10 Best Non-Attitude Era WWE RAW Moments

Electricity.

By Michael Sidgwick /

When retrospectively celebrated by both WWE and the fandom alike, the history of Monday Night RAW is almost invariably filtered through the lens of the Attitude Era.

Advertisement

And of course it is.

The show was at its incredible, unrecoverable zenith between 1997 and 2001, throughout which Head Writers Vince Russo and Chris Kreski elevated it from a linear pro wrestling show into, respectively, a cherished monument of rated-R hilarity, and sports entertainment’s equivalent of star-studded, shared universe prestige television.

It was a show that bred creativity—a show on which laughing stock racing drivers were able to express and elevate themselves by burying vampires as “fat bastards”, and on which every ass-kicking, sister-banging act, from the white-hot main event to a perversely entertaining midcard, served a purpose.

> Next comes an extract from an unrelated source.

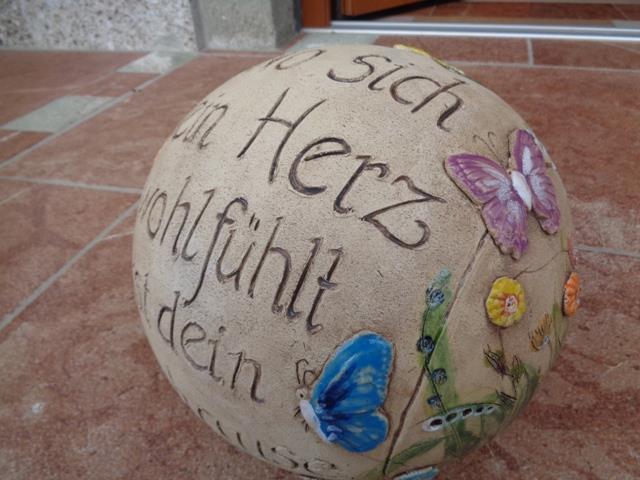 Geschenks Kugel für jeden Anlass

Today, the very name of the flagship is drenched in a sad irony. The show is no longer uncut, uncooked, nor uncensored; it is over-produced, over-scripted, and censored by PG guidelines and the controlling mentality of Vince McMahon—a man who envisioned RAW as something different, but is content now to produce something indistinguishable from its passé self.

But, either side of those four seminal years, the show has reached its grand old age for reasons beyond those seen through a rose tint…

10. The Perfect Debut

Forget X-Pac, about the only act to emerge scathed from an era that otherwise lionises everything.

Advertisement

There is little justice in wrestling. If there were, Sean Waltman would be remembered as the 1-2-3 Kid—the revolutionary performer who influenced WWE from both an action and personnel standpoint. He also held sway over the man who contracted his services. If you couldn’t work a good match with the big-bumping, sympathetic Kid, you couldn’t work a good match.

His victorious May ’93 debut as the 1-2-3 Kid was ingenious. He didn’t even debut as the 1-2-3 Kid here. Randy Savage mocked Vince on commentary. “What’s the Kid’s name this week?” he asked. “The Cannonball Kid,” Vince replied. ‘L. KID’ was emblazoned on his tights, but he was born a new star.

The jobbers never defeated the stars; jobbers were jobbers, and stars were stars. Since most WWE acts fall somewhere between each of those designations now, you’ll not see anything like this, the Kid’s sensational overnight switch, ever again.

It was executed so brilliantly that Razor Ramon’s aura intensified, if anything. He beat the piss out of Waltman here so disrespectfully, so viciously—with full-force slaps, Olympian throws and gruesome contortion—that Kid’s victory was far-reaching in its catharsis and influence.